[[ DATASET RECORDS open ]]

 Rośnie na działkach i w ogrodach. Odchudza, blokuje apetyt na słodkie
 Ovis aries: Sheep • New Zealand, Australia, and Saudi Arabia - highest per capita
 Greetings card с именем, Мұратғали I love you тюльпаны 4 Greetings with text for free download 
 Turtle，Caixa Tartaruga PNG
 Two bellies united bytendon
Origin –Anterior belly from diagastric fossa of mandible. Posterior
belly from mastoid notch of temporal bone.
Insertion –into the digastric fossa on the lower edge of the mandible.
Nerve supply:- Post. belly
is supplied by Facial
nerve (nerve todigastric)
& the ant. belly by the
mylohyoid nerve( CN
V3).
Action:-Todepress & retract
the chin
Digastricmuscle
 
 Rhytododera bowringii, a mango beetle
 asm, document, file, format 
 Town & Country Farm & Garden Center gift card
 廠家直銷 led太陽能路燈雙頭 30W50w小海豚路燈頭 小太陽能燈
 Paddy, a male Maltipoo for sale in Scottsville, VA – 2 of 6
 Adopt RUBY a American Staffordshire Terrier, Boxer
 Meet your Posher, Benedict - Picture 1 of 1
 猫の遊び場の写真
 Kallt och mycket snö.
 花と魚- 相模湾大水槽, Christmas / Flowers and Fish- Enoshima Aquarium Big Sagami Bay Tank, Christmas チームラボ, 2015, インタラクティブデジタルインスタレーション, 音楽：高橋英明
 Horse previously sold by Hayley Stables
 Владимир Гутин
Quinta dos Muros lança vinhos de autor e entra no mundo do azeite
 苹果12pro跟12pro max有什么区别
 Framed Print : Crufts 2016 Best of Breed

[[ DATASET RECORDS closed ]]

◆ **ABOUT THIS TASK**
Each line of the material with the word "mandible" in it should be listed.

◆ **FINAL ANSWER**
Origin –Anterior belly from diagastric fossa of mandible. Posterior
Insertion –into the digastric fossa on the lower edge of the mandible.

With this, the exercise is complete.